SUPPLIED DATA below:
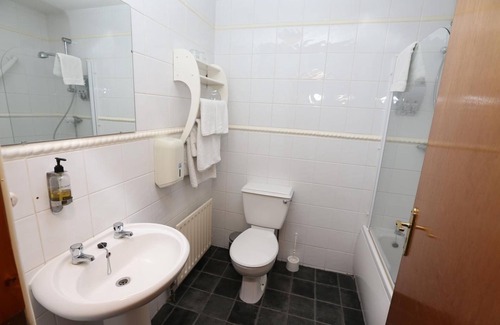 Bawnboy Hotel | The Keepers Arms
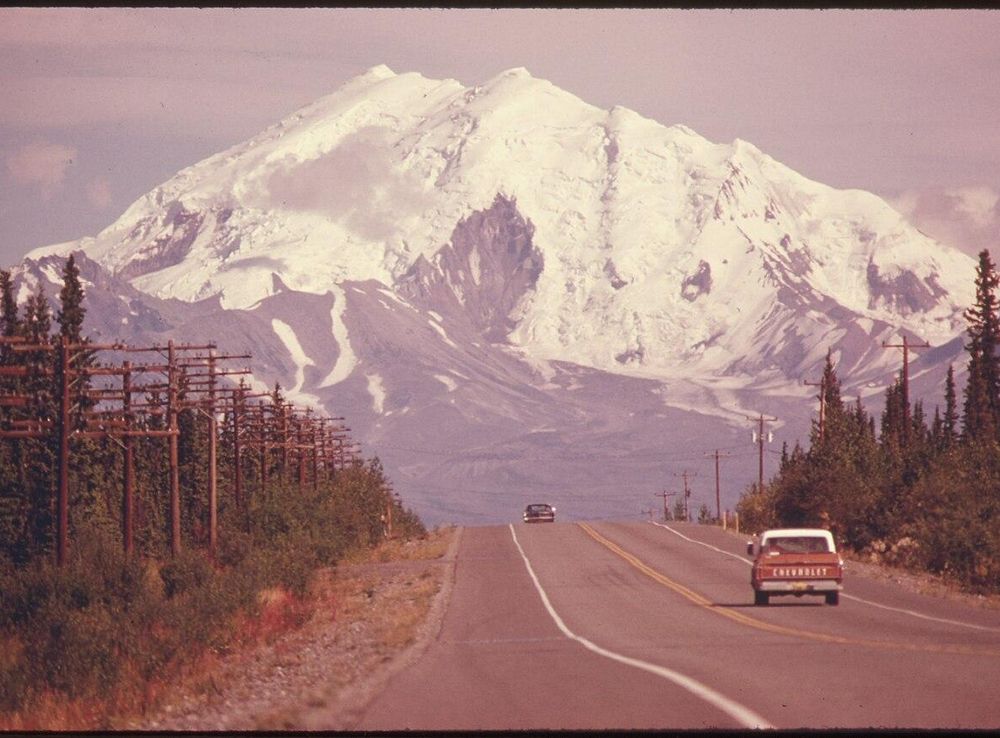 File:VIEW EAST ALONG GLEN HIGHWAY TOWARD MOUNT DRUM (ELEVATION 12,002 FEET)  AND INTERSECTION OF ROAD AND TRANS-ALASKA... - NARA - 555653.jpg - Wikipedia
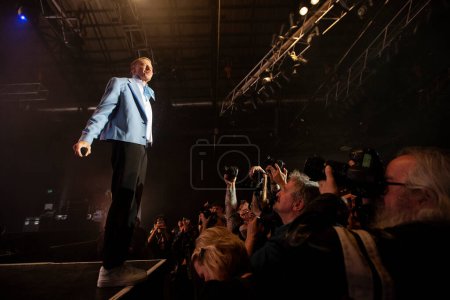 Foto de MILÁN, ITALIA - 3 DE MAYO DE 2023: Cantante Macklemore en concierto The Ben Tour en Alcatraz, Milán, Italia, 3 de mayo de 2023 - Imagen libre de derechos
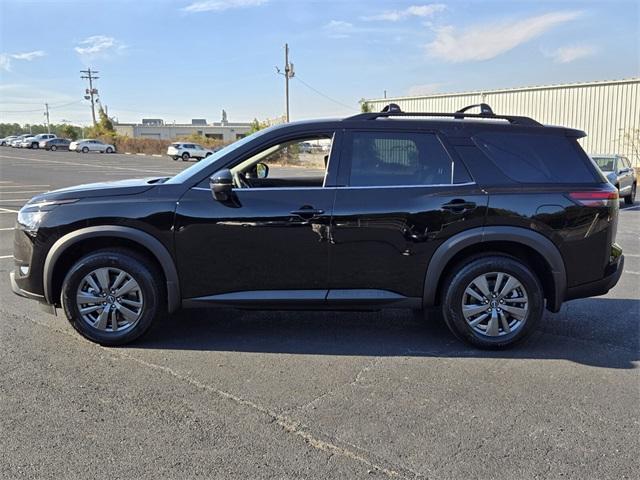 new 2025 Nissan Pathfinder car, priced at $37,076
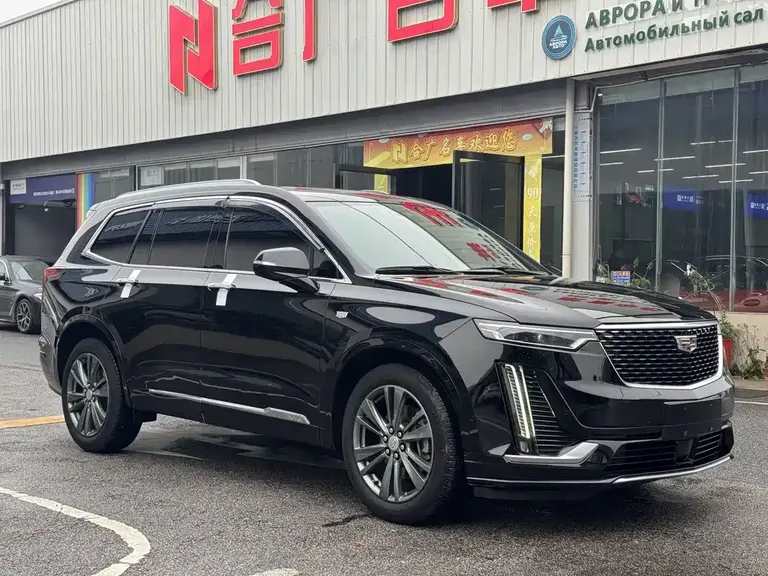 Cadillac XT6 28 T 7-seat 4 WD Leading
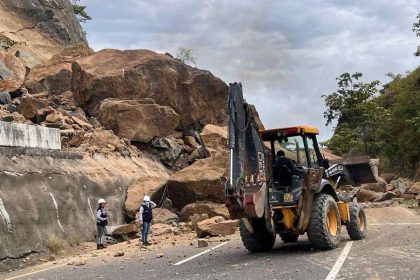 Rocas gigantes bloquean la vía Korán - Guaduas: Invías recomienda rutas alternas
End of SUPPLIED DATA.
WHAT NEEDS TO BE DONE
The line containing "File:VIEW EAST ALONG" marks where the copy ends; print every line before it from the start of the records, and that line too, but no pictures.

OUTPUT OF THE EXERCISE
 Bawnboy Hotel | The Keepers Arms
 File:VIEW EAST ALONG GLEN HIGHWAY TOWARD MOUNT DRUM (ELEVATION 12,002 FEET)  AND INTERSECTION OF ROAD AND TRANS-ALASKA... - NARA - 555653.jpg - Wikipedia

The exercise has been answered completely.